Now, when I hear that something has been "grandfathered in" on existing legislation or ordinances, I'll always think of Alabama's 1901 Constitution. Once written, it had to be ratified. Under the banner of "White Supremacy, Honest Elections and the New Constitution," the Democrats rallied their forces. Opposition came from those who saw that, in time, suffrage restrictions would be applied to poor whites as well as to blacks. But opponents seemed to know that no matter how many votes their side received, the Black Belt would deliver more. They were right. The constitution was ratified 108,613 to 81,734 - a majority of 26,879. Outside the Black Belt, the constitution lost, but in the plantation counties, ratification got the votes to turn the tide.

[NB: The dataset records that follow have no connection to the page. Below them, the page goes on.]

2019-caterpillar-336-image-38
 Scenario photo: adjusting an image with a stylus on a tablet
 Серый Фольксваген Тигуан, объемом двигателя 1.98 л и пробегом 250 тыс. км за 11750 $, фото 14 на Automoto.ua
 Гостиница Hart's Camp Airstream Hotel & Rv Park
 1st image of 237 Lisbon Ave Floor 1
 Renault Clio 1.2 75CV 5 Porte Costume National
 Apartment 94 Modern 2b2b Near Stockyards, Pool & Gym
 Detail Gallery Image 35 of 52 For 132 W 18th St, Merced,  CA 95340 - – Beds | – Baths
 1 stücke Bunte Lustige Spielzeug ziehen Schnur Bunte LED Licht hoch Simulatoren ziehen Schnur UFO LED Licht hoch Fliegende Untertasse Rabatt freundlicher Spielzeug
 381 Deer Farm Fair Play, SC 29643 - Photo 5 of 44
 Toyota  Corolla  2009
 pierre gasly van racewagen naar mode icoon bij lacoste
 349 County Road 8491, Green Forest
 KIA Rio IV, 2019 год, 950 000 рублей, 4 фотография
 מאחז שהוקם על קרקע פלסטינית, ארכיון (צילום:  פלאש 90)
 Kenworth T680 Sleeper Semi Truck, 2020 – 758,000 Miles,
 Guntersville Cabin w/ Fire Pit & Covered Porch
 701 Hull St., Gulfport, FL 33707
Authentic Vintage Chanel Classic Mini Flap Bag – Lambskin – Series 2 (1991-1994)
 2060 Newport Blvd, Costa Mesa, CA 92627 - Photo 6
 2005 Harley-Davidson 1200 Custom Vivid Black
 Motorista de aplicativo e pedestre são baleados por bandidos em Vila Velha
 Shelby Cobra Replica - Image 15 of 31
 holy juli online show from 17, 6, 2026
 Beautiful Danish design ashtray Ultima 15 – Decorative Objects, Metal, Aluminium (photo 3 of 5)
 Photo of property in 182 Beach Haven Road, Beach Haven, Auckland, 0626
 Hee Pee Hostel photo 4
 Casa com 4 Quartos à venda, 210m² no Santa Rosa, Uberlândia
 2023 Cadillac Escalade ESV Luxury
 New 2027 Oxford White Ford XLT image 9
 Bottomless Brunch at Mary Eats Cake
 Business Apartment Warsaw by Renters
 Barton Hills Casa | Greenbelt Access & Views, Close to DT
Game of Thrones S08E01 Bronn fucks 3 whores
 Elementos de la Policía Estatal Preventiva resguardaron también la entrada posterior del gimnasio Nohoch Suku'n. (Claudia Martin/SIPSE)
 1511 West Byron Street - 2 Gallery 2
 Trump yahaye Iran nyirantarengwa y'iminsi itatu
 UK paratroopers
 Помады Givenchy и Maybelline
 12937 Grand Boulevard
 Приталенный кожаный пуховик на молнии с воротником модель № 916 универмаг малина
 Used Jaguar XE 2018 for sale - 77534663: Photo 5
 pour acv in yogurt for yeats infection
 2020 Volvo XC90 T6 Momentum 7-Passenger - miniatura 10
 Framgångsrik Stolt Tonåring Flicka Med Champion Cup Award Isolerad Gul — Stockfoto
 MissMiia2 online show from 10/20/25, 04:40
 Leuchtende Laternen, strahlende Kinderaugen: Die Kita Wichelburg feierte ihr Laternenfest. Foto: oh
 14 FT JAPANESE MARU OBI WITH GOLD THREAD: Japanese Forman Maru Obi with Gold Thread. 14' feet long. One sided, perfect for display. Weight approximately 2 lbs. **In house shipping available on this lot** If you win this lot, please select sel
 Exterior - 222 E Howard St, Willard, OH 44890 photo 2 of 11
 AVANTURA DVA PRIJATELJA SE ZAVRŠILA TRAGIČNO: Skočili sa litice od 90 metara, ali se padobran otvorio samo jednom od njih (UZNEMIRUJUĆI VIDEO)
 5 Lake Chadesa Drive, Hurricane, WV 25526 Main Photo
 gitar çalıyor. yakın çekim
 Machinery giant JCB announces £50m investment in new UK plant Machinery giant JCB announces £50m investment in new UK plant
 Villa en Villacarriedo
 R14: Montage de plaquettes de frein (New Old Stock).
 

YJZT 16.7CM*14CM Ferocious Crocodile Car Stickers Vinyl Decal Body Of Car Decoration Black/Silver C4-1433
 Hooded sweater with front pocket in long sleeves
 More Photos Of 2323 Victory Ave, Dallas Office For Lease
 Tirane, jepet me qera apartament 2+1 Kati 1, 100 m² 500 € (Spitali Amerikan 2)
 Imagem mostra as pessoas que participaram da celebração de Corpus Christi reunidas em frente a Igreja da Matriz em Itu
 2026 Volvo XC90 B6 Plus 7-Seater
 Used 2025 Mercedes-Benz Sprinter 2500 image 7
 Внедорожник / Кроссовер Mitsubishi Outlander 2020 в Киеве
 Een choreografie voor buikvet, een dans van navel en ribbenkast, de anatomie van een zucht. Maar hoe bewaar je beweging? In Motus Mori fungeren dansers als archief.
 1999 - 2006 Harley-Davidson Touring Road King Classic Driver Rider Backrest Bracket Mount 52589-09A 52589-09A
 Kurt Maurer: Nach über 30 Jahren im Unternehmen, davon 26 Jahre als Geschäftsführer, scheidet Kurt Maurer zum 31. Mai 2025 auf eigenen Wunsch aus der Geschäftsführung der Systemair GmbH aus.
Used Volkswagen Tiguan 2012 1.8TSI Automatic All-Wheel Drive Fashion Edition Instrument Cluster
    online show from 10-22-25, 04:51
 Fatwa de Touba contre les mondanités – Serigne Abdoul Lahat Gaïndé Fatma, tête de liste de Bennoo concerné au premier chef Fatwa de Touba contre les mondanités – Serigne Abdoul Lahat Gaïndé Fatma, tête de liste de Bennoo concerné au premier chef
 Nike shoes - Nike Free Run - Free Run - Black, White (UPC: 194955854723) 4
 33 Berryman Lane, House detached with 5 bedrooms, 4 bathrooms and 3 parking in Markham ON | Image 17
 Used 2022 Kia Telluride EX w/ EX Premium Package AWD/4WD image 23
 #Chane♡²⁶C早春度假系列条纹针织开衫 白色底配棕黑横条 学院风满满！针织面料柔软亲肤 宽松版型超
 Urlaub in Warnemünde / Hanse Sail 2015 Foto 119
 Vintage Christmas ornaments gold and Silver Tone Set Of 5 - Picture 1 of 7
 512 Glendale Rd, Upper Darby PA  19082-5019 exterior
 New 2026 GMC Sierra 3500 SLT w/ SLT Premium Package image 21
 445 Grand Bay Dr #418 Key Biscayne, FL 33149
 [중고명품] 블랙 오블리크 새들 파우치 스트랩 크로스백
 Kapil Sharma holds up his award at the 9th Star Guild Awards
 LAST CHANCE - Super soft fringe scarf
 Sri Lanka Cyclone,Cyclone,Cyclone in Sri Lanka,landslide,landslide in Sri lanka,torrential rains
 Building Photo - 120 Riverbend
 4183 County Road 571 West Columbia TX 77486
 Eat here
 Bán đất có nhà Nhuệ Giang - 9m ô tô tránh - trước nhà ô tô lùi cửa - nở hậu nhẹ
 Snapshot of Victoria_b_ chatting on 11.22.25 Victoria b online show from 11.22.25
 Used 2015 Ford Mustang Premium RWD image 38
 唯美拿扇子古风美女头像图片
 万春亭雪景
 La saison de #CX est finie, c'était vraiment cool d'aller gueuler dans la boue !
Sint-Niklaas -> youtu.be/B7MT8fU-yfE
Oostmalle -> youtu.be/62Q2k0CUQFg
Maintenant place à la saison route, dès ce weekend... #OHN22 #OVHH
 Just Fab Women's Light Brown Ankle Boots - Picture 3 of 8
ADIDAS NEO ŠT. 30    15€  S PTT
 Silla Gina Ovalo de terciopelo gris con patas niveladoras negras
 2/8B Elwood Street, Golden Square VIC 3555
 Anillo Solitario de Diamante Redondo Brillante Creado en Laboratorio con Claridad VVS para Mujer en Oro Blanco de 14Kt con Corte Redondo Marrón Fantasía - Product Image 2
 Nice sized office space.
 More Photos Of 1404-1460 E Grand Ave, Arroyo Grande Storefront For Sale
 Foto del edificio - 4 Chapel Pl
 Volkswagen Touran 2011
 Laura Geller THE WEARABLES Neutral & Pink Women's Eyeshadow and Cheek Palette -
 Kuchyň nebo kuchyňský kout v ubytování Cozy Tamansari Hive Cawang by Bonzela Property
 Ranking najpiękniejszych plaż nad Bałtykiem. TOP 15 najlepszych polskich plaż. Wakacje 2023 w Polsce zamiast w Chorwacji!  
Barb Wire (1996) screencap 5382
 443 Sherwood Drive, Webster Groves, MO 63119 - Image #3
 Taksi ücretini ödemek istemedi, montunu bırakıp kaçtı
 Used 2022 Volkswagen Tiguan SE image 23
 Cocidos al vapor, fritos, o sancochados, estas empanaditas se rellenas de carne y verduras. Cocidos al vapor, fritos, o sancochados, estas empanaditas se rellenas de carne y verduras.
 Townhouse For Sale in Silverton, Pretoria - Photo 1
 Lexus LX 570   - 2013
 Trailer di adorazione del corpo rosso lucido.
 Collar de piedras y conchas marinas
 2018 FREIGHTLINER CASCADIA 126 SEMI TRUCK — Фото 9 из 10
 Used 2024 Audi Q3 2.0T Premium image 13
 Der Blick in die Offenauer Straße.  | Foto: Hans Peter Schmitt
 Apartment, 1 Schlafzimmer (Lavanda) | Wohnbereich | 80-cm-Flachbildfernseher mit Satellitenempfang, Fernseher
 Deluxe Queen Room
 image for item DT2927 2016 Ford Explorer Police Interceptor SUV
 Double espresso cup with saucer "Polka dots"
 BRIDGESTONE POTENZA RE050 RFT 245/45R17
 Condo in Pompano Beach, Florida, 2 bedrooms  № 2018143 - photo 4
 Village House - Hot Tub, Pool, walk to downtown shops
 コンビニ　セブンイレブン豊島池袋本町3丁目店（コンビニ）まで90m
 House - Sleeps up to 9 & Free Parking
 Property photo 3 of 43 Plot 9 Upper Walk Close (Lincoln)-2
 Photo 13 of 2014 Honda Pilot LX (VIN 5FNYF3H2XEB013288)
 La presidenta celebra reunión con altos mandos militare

And what's the result? Hill Carmichael, a great-grandson of one of the signers - Archibald Hill Carmichael - is one of the leading proponents for constitution reform in Alabama. In a 2007 op-ed piece he said: The 1901 Constitution is no more personal to me than it is to hundreds of local leaders in Alabama who cannot do what they know is best for their cities and counties without first asking Montgomery for permission. - It is personal to the thousands of Alabamians who, as they struggle to make ends meet, are forced to pay absurdly high sales taxes on basic necessities like food, medicine and baby supplies.
- It is personal to the public schoolteacher who holds her breath and crosses her fingers every year, hoping and praying that our highly volatile tax revenues are high enough to avoid another year of proration and outdated textbooks.
- And it is very personal to the thousands of schoolchildren languishing in underfunded schools in the Black Belt, for whom the American Dream will be deferred until the adults decide to scrap a system of taxation that is doing exactly what it was designed to do: keep the wealthy landowners in their rural counties from paying their fair share of taxes.
The Constitution of 1875 wasn't great. It concentrated power in Montgomery, robbing cities and counties of local control. Indeed, in 1900, there was already grumbling that "local bills" consumed the Legislature's time instead of dealing with pressing state matters. But the framers of the 1901 Constitution refused to fix even that. They took a bad document and made it even worse. And they made it almost impossible to change the system. Thus, Alabama has been burdened throughout the 20th Century with a document that should have shamed people who lived hundreds of years before. It's 2010 and - look! - we still have it, and not a single candidate for governor is willing to be the champion for reform. It's time for citizens to say no. Yes, Alabama has pressing issues: education, economic development, transportation.... and every single effort to address them on the state and local level is hamstrung by our 1901 Constitution. Until we fix it, the state will continue to be almost ungovernable and the political system resistant to citizens' initiatives and calls for reform. I'll let Hill Carmichael have the last word on this:By our complacency, we reratify the 1901 Constitution every year.